[Start of Attachment]

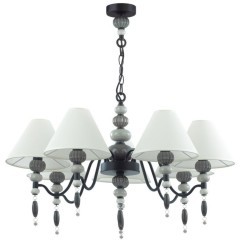 Люстра подвесная Odeon Light 4896/7 Sochi под лампы 7xE14 40W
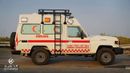 تويوتا لاند كروزر LC76 Ambulance | 2.8L Manual Transmission | Diesel 4x4 Engine | Hard Top | for Export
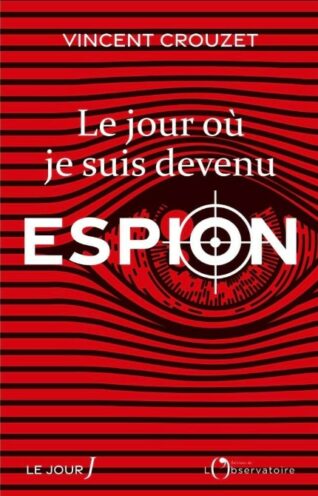 Ce livre est écrit par Vincent Crouzet 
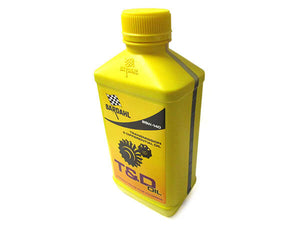 BARDAHL T&amp;D Oil SAE 85W140 Lubrificante Speciale Per Trasmissioni Manuali e Differenziali Ingranaggi 1 LT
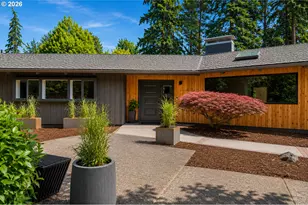 5100 SW Laurelwood Ave, Portland, OR 97225 - Photo 2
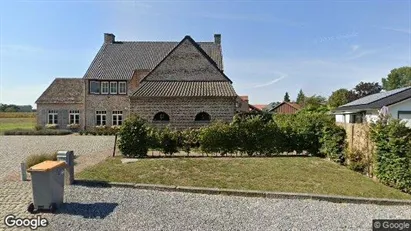 Företagslokaler till salu i Kinrooi – Foto från Google Street View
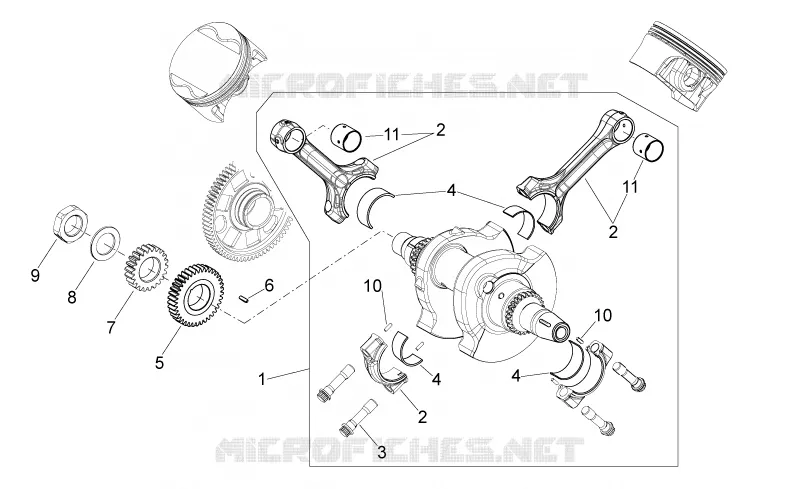 Drive shaft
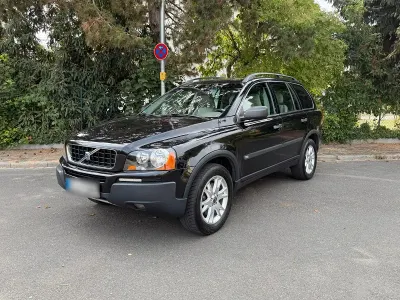 Gebraucht Volvo XC90
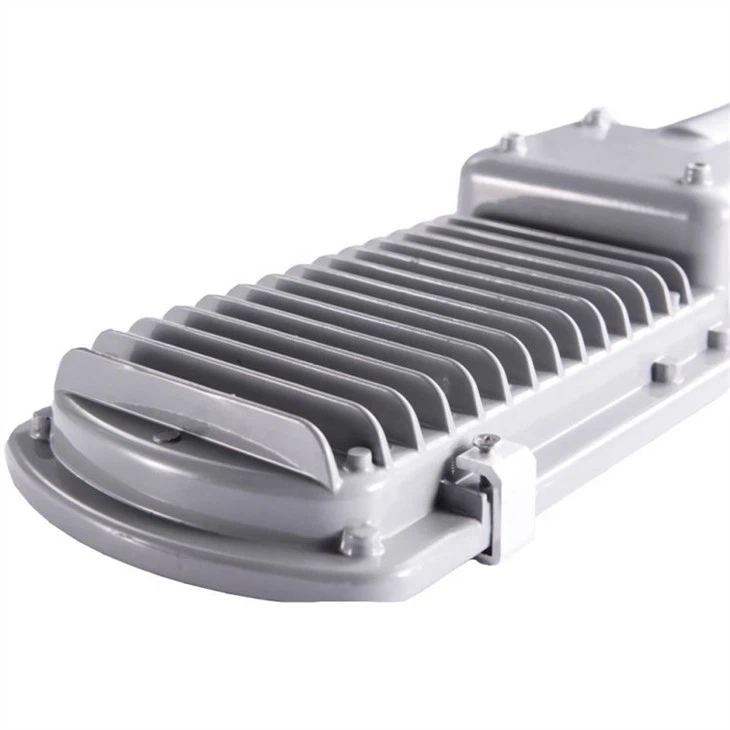 50w solar street light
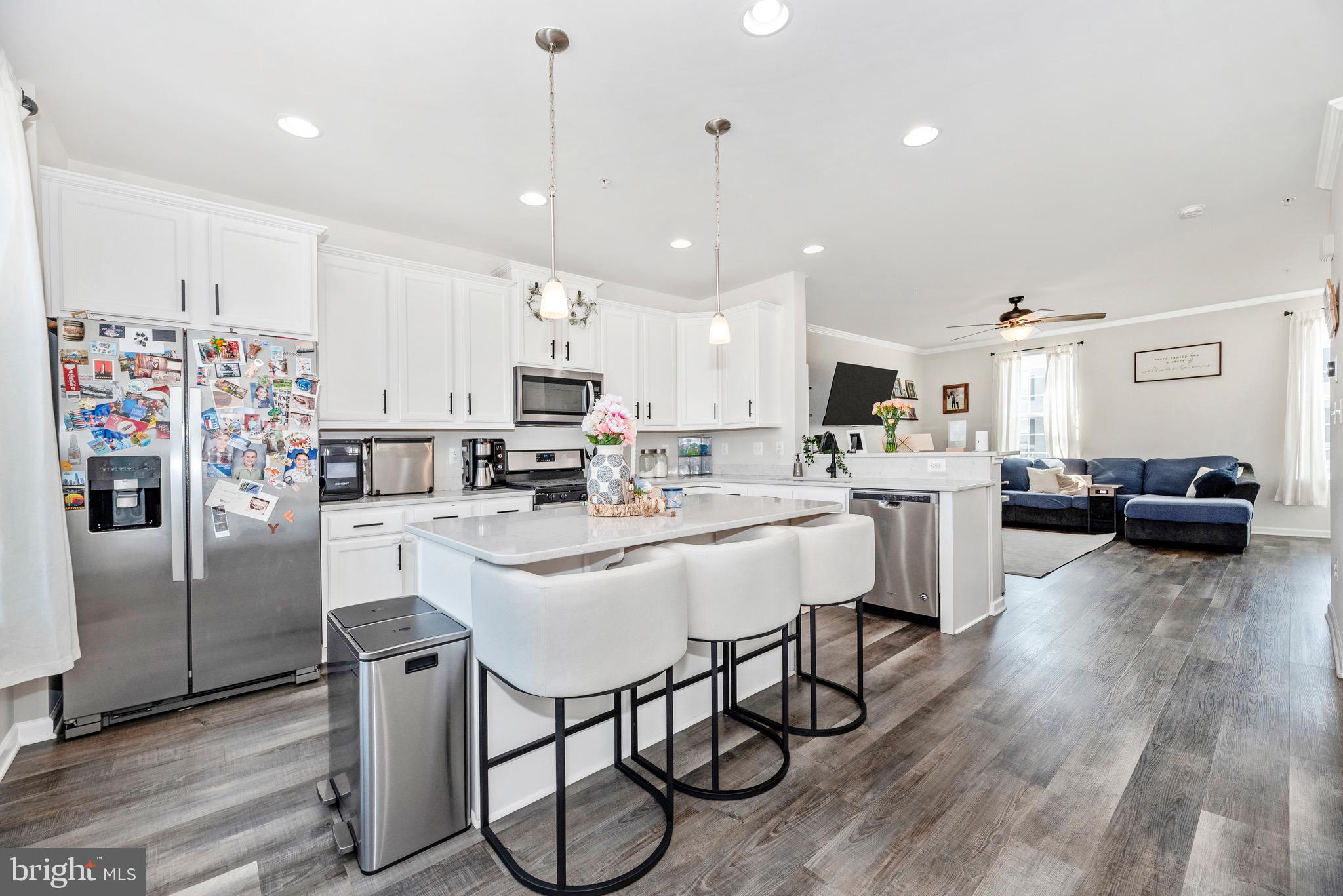 220 LONGLEY GREEN DRIVE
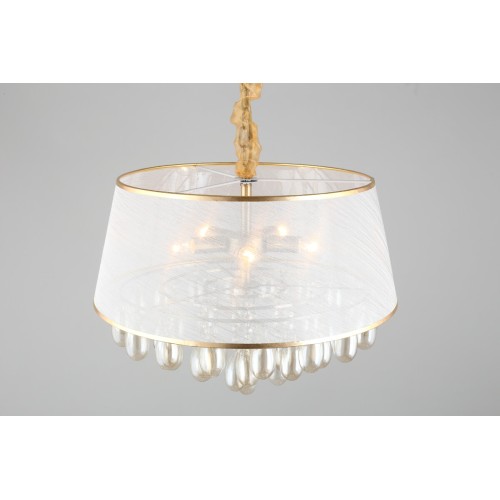 Подвесная люстра Omnilux OML-71803-05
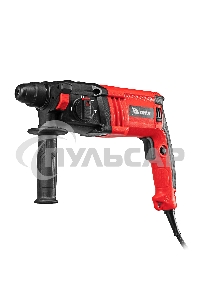Перфоратор электрический MRH-600-22, SDS-Plus, 600 Вт, 2,2 Дж, 3 плюс 1 реж. MTX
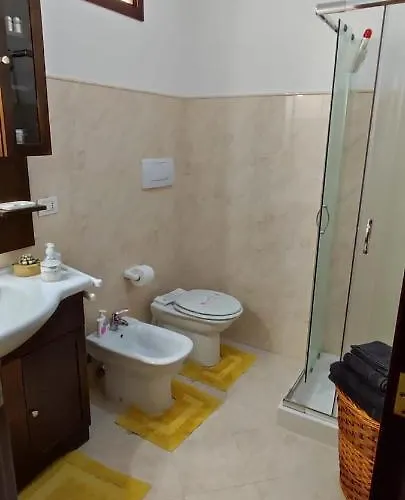 Apartment Casa San Lazzaro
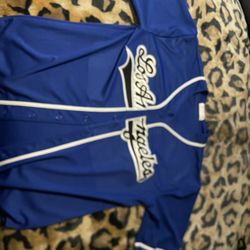 Los Angles Jersey 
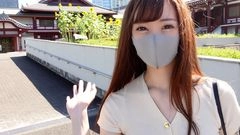 【初撮影！！】某エステサロン美人受付嬢の性欲旺盛な敏感ボディに中出し！！（フェラシーン顔出し）2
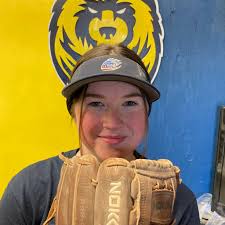 Taylor Aldrich's High School Career Home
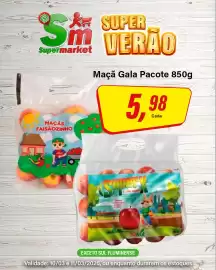 Encarte Rede Supermarket Página 5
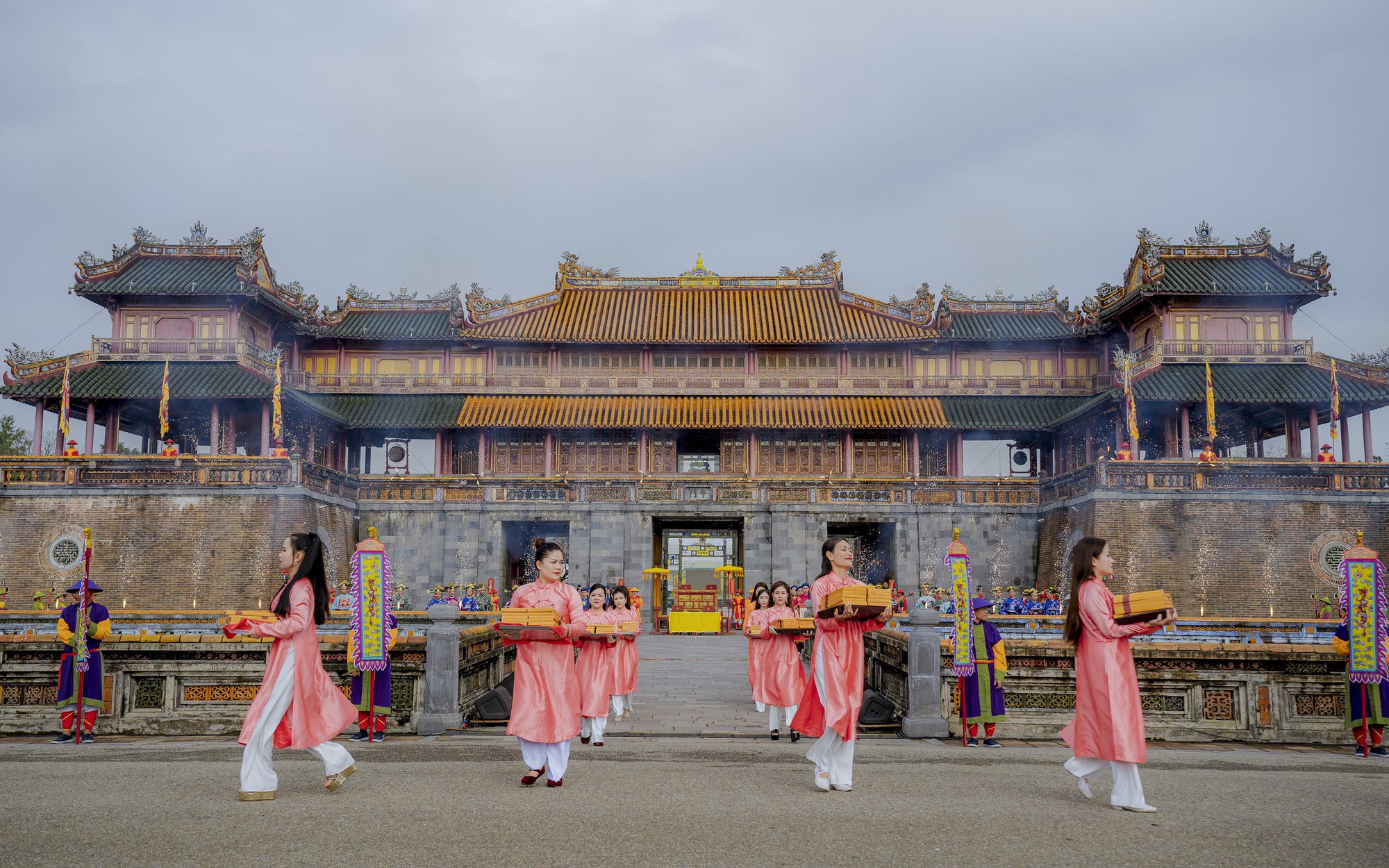 3 trọng điểm phát triển đô thị Thừa Thiên - Huế trong tương lai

[End of Attachment]

Print out all the material word for word but exclude any images.

 Люстра подвесная Odeon Light 4896/7 Sochi под лампы 7xE14 40W
 تويوتا لاند كروزر LC76 Ambulance | 2.8L Manual Transmission | Diesel 4x4 Engine | Hard Top | for Export
 Ce livre est écrit par Vincent Crouzet 
 BARDAHL T&amp;D Oil SAE 85W140 Lubrificante Speciale Per Trasmissioni Manuali e Differenziali Ingranaggi 1 LT
 5100 SW Laurelwood Ave, Portland, OR 97225 - Photo 2
 Företagslokaler till salu i Kinrooi – Foto från Google Street View
 Drive shaft
 Gebraucht Volvo XC90
 50w solar street light
 220 LONGLEY GREEN DRIVE
 Подвесная люстра Omnilux OML-71803-05
Перфоратор электрический MRH-600-22, SDS-Plus, 600 Вт, 2,2 Дж, 3 плюс 1 реж. MTX
 Apartment Casa San Lazzaro
 Los Angles Jersey 
 【初撮影！！】某エステサロン美人受付嬢の性欲旺盛な敏感ボディに中出し！！（フェラシーン顔出し）2
 Taylor Aldrich's High School Career Home
 Encarte Rede Supermarket Página 5
 3 trọng điểm phát triển đô thị Thừa Thiên - Huế trong tương lai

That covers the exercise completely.